Alors bien sûre, on ne peut être qu'a moitié surpris de ce virage. L'anglais a déjà prouvé de quoi il était capable en studio et sur scène en terme d'expérimentation. On se rappel par exemple de son passage chez From The Basement ou plus récemment du Book Of Moses réalisé à l'occasion de Record Club de Beck (Titre enregistré durant la création de Compass). Et puis n'oublions pas que l'arrière train de l'album est tamponné "Warp". Ce qui laisse toujours supposer un brin d'originalité. Ce qui semble vraiment nouveau c'est le procédé de création. En allant rencontrer aux quatre coins du continent américain des producteurs et musiciens pour travailler sur des morceaux précis (Beck, Feist, Chris Taylor, Pat Sansone, Chilly Gonzales), il récolte des sons, des idées et les met en forme par ses propres moyens. Sur Compass, Jamie Lidell est le maître à bord. On le ressent ! Prenons, par exemple, l'instrument principal : sa voix. Si elle est complètement cachée et déformée dans Your Sweet Boom, "Jim" choisit de la renvoyer à l'âge de pierre sur Coma Chamaleon. Les précédents albums ne laissaient pas le chanteur s'embarquer dans de tels registres.
C'est donc un Jamie Lidell libéré et fou qui traverse ces 14 titres. Un fou qui se permet de balayer les différents rôles du chanteur soul avec une distance étonnante. Jouer au crooner : Check ! Sur le slow cosmique She needs me, les murmures laissent place à de grands cris de douleurs façon Sexual Healing. L'ambiance de la chanson, toute en longueur nous laisse le temps de passer nos mains sur le corps de notre partenaire… On se chaloupe dans la salle "années 80", il n'y a que la boule à facette pour nous éclairer…

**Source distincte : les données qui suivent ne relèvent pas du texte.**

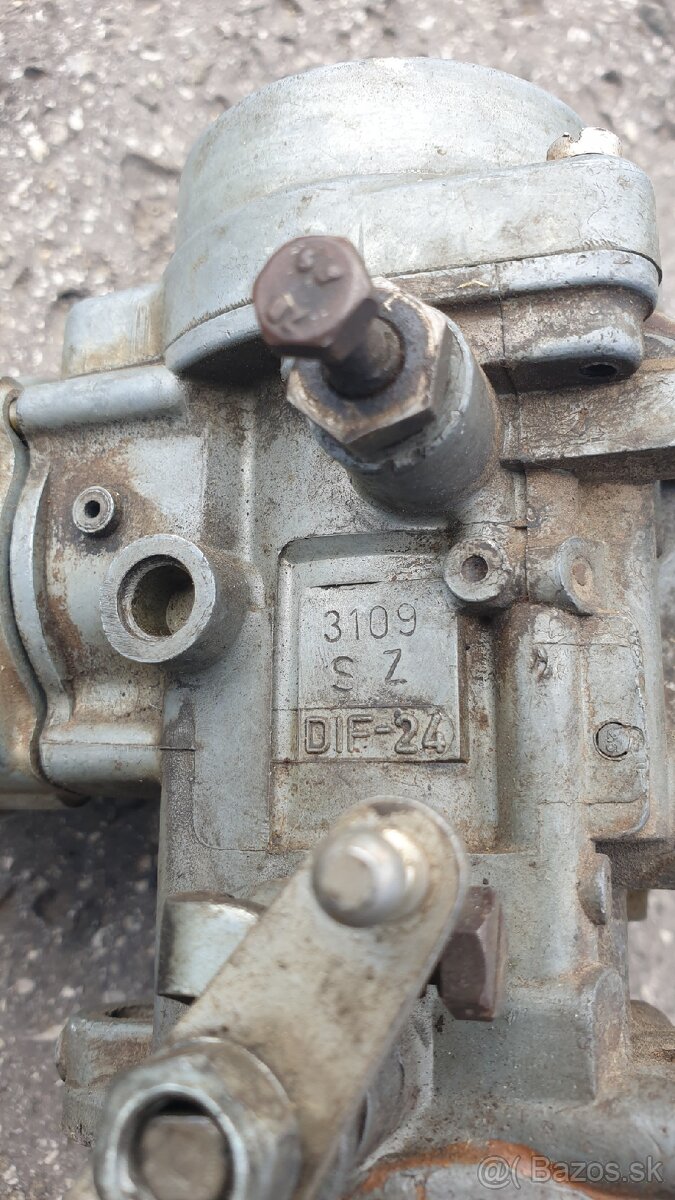 Škoda Karburátor Jikov - 3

"…Don't ever let her go, don't ever let her go…"
et tout à coup Jamie Lidell vient achever la chanson fougueusement. Je divague un peu mais cette piste est prenante et loin d'être naïve finalement.
Après ce moment intense, place au R'n B/ Electro. Alors je dis R'n B/ Electro… Mettons nous d'accord. Nous sommes bien loin de l'air de jeux des caïds classiques où le chien du voisin "Autotune" fait ses crottes tous les matins. (Non, monsieur !) I wanna be your Telephone possède un beat rageur armé d'une basse solide et groovy. L'urgence est palpable et l'ambiance très riche, ponctuée de riffs de guitares, évolue constamment durant les 3 minutes 30.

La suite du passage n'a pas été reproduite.